I think the question should be: fprosk wrote: Find all pairs of natural numbers n and prime numbers p such that $\sqrt{n+\frac{p}{n}}$ is a rational number. Because the original one is so easy for a TST!

Let $\sqrt{n+\frac{p}{n}}=\frac{a}{b}$ or $\frac{n^2+p}{n}=\frac{a^2}{b^2}$ Let $(n^2+p,n)=d$ $\Leftrightarrow d \mid n$ and $d\mid n^2+p\Rightarrow d\mid p$ hence $d=1$ or $d=p$ If $d=1$ then $n=b^2$ and $n^2+p=a^2\Leftrightarrow p=(a-n)(a+n)\Rightarrow p=2n+1$ Therefore $(n,p)=(b^2,2b^2+1)$ If $d=p$ then $n^2+p=pa^2\Leftrightarrow n^2=p(a^2-1)$ yielding $p$ is a perfect square (a contradiction) or $p=a^2-1=(a-1)(a+1)$ hence $n=p=3$ In conclusion, $(n,p)=(k^2,2k^2+1);(3,3)$

$ \sqrt{n^3+pn}$ is integer $n^3+pn=a^2$ $d=(n,a)$ $d^2 |a^2-n^3=pn$ Case 1: $d|p \to d=1,p$ $d=1$ and $n |a^2 \to n=1$ $p+1=a^2 \to p=3,a=2$ $d=p$ $n=pn_1,a=pa_1$ $pn_1^3+n_1=a_1^2$ $n_1 |a_1^2$ and $(a_1,n_1)=1 \to n_1=1$ $n=p$ $p^3+p^2=p^2a_1^2$ $p=a_1^2-1 \to p=3,a_1=2,n=3,a=6$ Case 2: $(d,p)=1, d \neq 1$ $d^2 |pn \to d^2| n$ $n=d^2n_1,a=da_1, (n_1,a_1)=1$ $d^6 n_1^3+pd^2n_1=d^2a_1^2$ $(d^4n_1^2+p)n_1=a_1^2$ $n_1 |a_1^2 \to n_1=1 \to n=d^2$ $d^4+p=a_1^2$ $p=(a_1-d^2)(a_1+d^2)$ $a_1=d^2+1,p=2d^2+1, a=d(d^2+1)$ If $d \neq 0$ mod $3$ , than $2d^2+1 \equiv 0$ (mod 3) , so $p$ is not prime (except $d=1$) $d=3k$ $n=9k^2,p=18k^2+1$ I think there are many such $k$ that $18k^2+1$ is prime. Answer: $(1,3),(3,3),(9k^2,18k^2+1)$ where $18k^2+1 $ is prime.

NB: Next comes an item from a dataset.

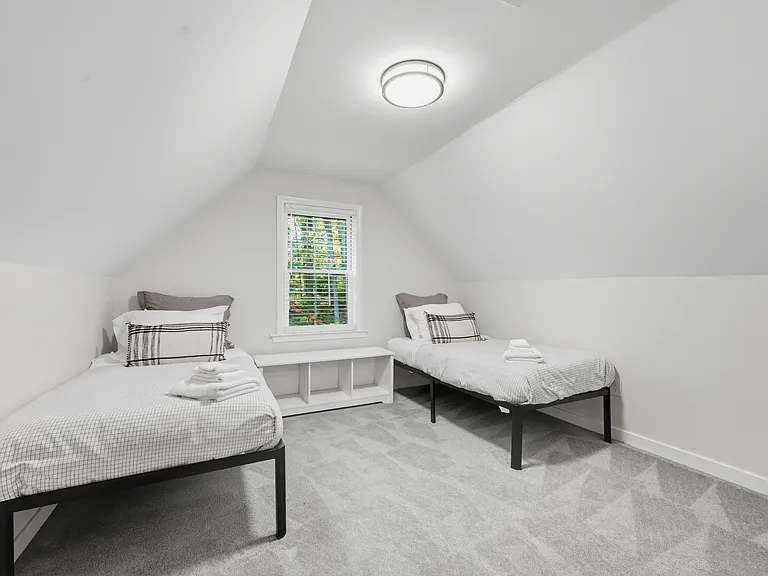 121 W Wakefield Blvd — Photo 20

$n\mid p,\;n\in\{1,p\}$ since $\frac{n^2+p}{n} = a^2,\; a\in\mathbb{N}^+,\;p\in\mathbb{P}$. So $p+1=\frac{n^2+p}{n}=a^2,\;p = (a-1)(a+1)\in\mathbb{P}\implies p = 3$ Consequently, $(1,3),(3,3)$ are the complete solutions $(n,p)$.